Fatal como o destino. Começam os dias a crescer em tamanho e leveza e os passarinhos a chilrear desalmadamente e começamos nós a sentir o chamamento do caminho.
Esta foi a quarta vez que voltamos ao caminho de Santiago. O português já o sabemos de cor por isso este ano decidimos fazer parte do caminho primitivo, por ser o itinerário jacobeu dos primeiros peregrinos, o primeiro de todos os caminhos, e por atravessar paisagens deslumbrantes, quase intocadas pelo homem.

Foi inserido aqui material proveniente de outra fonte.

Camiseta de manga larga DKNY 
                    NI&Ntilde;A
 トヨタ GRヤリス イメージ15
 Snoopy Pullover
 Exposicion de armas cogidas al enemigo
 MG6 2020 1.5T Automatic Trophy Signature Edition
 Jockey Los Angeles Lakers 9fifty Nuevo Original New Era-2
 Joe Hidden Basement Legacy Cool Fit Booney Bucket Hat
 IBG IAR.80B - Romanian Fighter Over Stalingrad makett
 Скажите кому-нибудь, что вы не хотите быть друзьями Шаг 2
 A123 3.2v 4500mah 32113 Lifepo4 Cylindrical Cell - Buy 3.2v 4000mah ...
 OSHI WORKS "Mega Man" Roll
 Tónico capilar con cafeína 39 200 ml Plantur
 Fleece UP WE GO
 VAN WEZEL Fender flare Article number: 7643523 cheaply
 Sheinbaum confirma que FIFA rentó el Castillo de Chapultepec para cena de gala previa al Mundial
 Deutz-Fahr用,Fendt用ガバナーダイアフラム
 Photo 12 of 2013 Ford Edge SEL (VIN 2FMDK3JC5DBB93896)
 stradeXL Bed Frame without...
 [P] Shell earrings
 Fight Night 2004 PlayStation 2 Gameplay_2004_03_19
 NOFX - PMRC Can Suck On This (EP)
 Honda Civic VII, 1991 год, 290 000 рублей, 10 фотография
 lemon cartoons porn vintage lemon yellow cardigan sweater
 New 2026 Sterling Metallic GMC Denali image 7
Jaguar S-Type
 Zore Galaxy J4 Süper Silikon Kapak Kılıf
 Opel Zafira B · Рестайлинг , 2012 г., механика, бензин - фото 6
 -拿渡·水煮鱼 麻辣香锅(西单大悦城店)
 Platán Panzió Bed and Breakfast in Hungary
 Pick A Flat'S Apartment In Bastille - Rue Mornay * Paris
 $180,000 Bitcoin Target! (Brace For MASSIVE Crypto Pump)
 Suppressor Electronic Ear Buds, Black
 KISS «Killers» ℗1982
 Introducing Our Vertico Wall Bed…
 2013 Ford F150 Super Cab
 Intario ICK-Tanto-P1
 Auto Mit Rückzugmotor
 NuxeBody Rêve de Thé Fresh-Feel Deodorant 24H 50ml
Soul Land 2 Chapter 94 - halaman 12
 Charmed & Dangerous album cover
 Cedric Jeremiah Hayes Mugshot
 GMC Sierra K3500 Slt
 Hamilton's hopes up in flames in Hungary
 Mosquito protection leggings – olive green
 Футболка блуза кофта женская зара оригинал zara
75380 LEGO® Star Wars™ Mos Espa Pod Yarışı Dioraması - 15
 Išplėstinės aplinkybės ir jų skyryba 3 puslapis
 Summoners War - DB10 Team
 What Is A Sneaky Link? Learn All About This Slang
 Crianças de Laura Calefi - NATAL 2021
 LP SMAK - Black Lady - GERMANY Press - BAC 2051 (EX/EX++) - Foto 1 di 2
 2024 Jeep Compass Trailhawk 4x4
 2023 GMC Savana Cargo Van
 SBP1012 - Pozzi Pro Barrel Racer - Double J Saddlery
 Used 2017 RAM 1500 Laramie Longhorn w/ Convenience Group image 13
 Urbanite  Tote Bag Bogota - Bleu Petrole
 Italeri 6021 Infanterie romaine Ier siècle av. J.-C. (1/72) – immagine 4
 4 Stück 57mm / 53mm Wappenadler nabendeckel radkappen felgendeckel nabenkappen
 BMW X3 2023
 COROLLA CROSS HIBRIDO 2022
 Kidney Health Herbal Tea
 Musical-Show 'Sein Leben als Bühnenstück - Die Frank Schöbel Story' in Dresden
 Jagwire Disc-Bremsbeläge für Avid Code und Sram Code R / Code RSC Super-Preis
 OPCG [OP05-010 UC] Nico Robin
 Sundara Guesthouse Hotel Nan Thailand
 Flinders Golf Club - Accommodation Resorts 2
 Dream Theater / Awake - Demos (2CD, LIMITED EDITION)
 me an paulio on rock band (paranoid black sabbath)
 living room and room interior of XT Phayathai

É uma sensação estranha, ter que viajar um dia e pouco, em quatro comboios e uma mini camioneta para chegar a um pueblo distante e então começar o caminho. Fonsagrada foi o nosso ponto de partida numa manhã de frio cortante e horizonte coberto de névoa.
O caminho de Fonsagrada a Cádavo Baleira apanha muita estrada e mesmo com algumas descidas aos campos que a contornam, o cinza do asfalto aborrece e impõe limites ao olhar que quer liberdade para chegar bem longe. Mas depois, depois é o verde sem fim. Matas, carvalhais com folhas ainda tenras que à distância parecem tufos de muitas cores, campos ondulantes forrados de ervas e flores viçosas e por todo o lado, urtigas, muitas urtigas. E só para nos lembrar que para além de ser de Deus esta terra também é dos homens, aqui e ali vão brotando da paisagem pueblos pequenos feitos de xisto.
Em Lugo vimos um pouco do lindíssimo centro histórico, tanto quanto o cansaço dos cerca de 30 km feitos nos permitiu. Ficou a vontade de conhecer melhor toda a história que a muralha romana com quase 2000 anos guarda, com mais tempo e disposição.
De Lugo fomos a Seixas e depois a Melide. Durante este dia e meio (chegámos a Melide à hora de almoço) passamos grande parte das horas sozinhos no caminho, sem peregrinos à vista, mas depois… Melide. O ponto onde o caminho primitivo e outros se unem ao caminho francês, aquele que é o mais frequentado de todos os caminhos, e foi como se de repente nos tivessem largado sem grande cerimónia no meio de uma feira. Peregrinos e turigrinos a virem de todas as direções. A partir daqui vê-se literalmente de tudo. Há toda uma engrenagem turística muito bem oleada que permite a quem assim o preferir e tiver dinheiro para o pagar, fazer o caminho da forma mais confortável possível. Mas o que mais me impressionou foi ver quatro peregrinas a fazerem o caminho a correr! Fatos fitness, mochila pequena de hidratação às costas (com um tubo e bocal que permite beber enquanto se corre ou caminha) e ali estávamos nós, esbaforidos, depois de fazer uma subida acentuada, em passo lento, a vê-las a fazer a mesma subida a correr. Foi quase como ver extraterrestres. Só depois é que me lembrei que sem o peso da minha mochila e sem o desgaste dos kms já feitos, talvez eu conseguisse a mesma proeza, mas ainda assim achei melhor não tentar…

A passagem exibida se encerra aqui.